That might be your problem. From what I heard it's a more sensitive role so they will take a stricter stance.

2 comments

So? They may take a stricter stance, but I just fail to see how anything but extortion or treason really applies to working in security.

Hell, even if you committed a murder that doesn’t make you any more likely to steal company secrets.

Statistically, it does.
> Statistically, it does.

If that mattered, all of antidiscrimination law would be struck down.

IANAL (and law differs around the globe) but...

discrimination is prohibited towards protected categories. i.e. gender, ethnicity, sexual orientation... on top of it, most of those aren't things that you choose yourself.

With the possible exception of religion (you're born into a certain culture, so "by default" you might feel affiliated to a certain religion, so asking people to renounce that would definitely be oppressive), and veteran status (which is not a protected category around the world, I think... though it is in the US)

If you self-select into a segment of the population that no one is born into[1], yet it's lawfully discriminated against (i.e. felons ITT) I'm afraid that you don't have a good case to protect yourself from such discrimination.

[1] Unfortunately, systemic racism and the plea/prosecutors/bail system make it so that people in certain segments of the population are more likely than others to end up involved in crimes.

In my personal opinion anti-discrimination laws are not born out of precise definition of fair/unfair discrimination but on a value judgement that some particular classes of discriminations are disproportionate and are causing too much harm.

If there never was any racism there would be no need for laws forbidding discrimination on race, conversely if we where deeply elitist based on height there could exist laws about height discrimination.

With regards to felonies the two question I consider focal are:

1) what is the long-term plan for convicted criminals, and

2) how much extra-judicial/social punishment should we tolerate on non-public figures for non-public crimes.

Statistically, it does? You have a citation, then. Would you share it, please?
Found this: https://www.cbsnews.com/news/once-a-criminal-always-a-crimin...

1% of 988 murderers were arrested for a new crime (yet not another murder). Is that higher than average? It sounds like it is.

Let's be clear that being arrested for a new crime is different than being convicted of a new crime. Given that none of the murderers in that overview went back to prison, I'm inclined to think that their conviction rate is low.

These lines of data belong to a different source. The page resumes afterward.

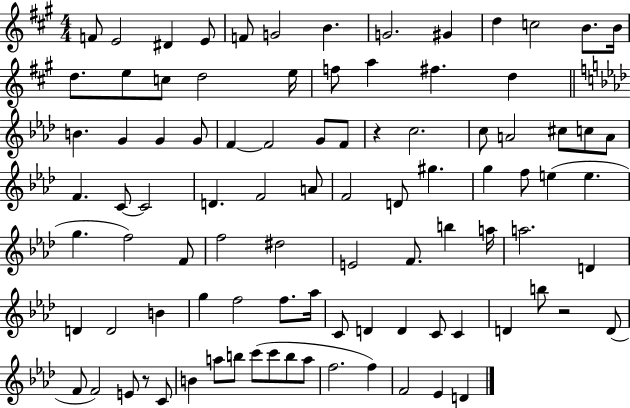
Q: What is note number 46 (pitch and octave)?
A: G5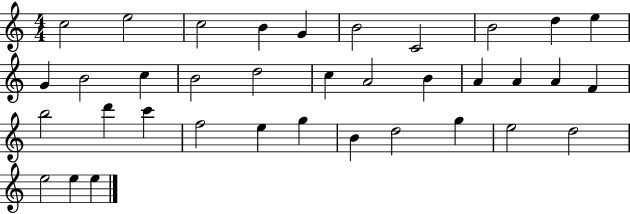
X:1
T:Untitled
M:4/4
L:1/4
K:C
c2 e2 c2 B G B2 C2 B2 d e G B2 c B2 d2 c A2 B A A A F b2 d' c' f2 e g B d2 g e2 d2 e2 e e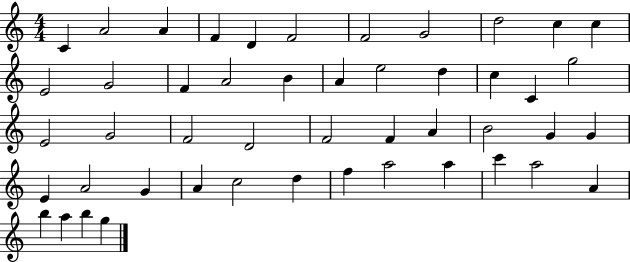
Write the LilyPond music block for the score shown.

{
  \clef treble
  \numericTimeSignature
  \time 4/4
  \key c \major
  c'4 a'2 a'4 | f'4 d'4 f'2 | f'2 g'2 | d''2 c''4 c''4 | \break e'2 g'2 | f'4 a'2 b'4 | a'4 e''2 d''4 | c''4 c'4 g''2 | \break e'2 g'2 | f'2 d'2 | f'2 f'4 a'4 | b'2 g'4 g'4 | \break e'4 a'2 g'4 | a'4 c''2 d''4 | f''4 a''2 a''4 | c'''4 a''2 a'4 | \break b''4 a''4 b''4 g''4 | \bar "|."
}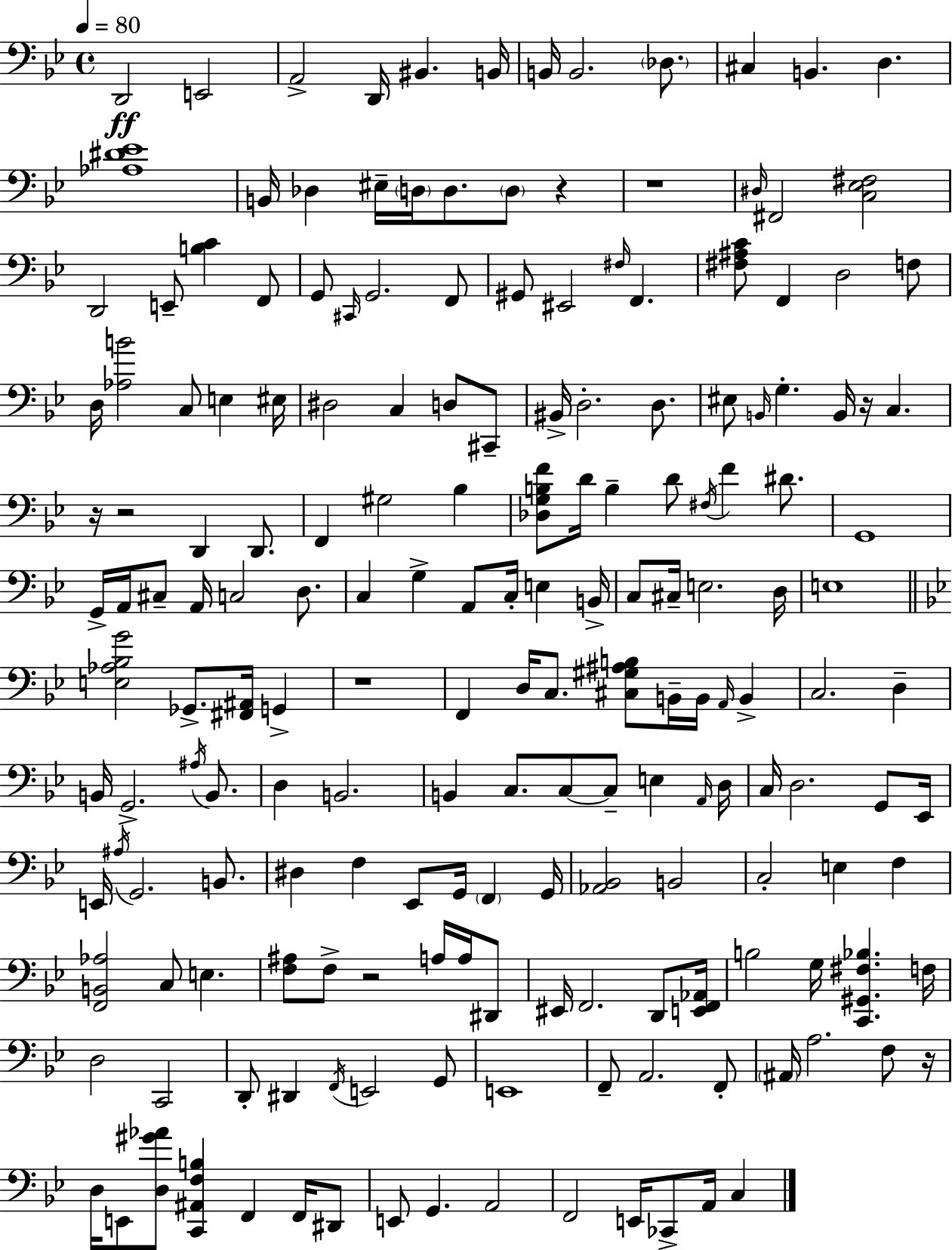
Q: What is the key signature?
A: G minor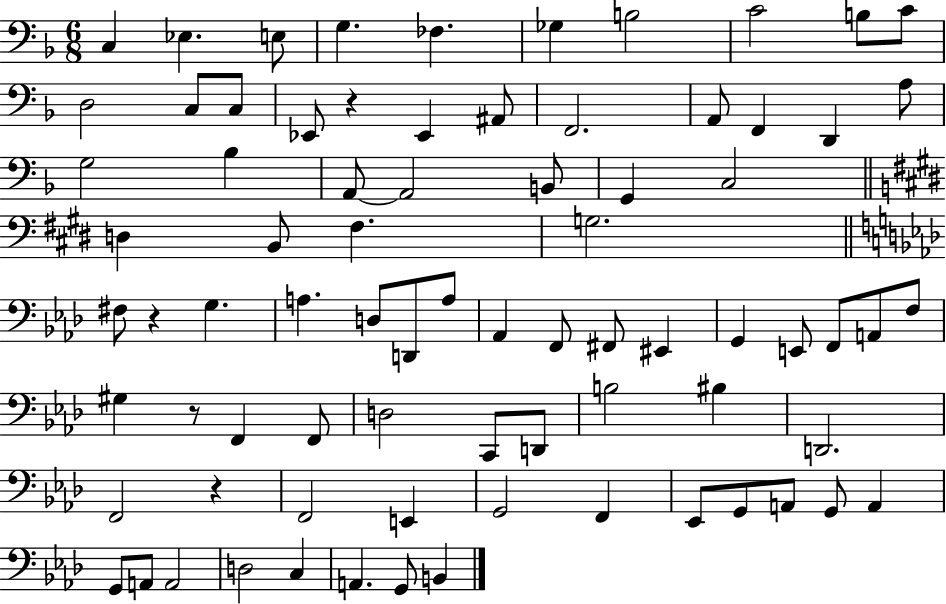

Keep in mind also that being an ex-con in a community likely puts you at the top of the PD's suspect list for new crimes, and that reintegration with society is difficult, so imprisonment (regardless of crime) makes recidivism more likely.

Yes, agreed.

Intuitively, it makes sense that "statistically, it does", but if words have meaning, than "statistically" means literally there are statistics demonstrating the assertion, and so far, bupkis

Ironically if this is true probably part of the reason would be that too many people already believe it.
Only if you work for fortune 500 or a company that has government clients. Lots of boutique security companies probably don't care if you are otherwise qualified.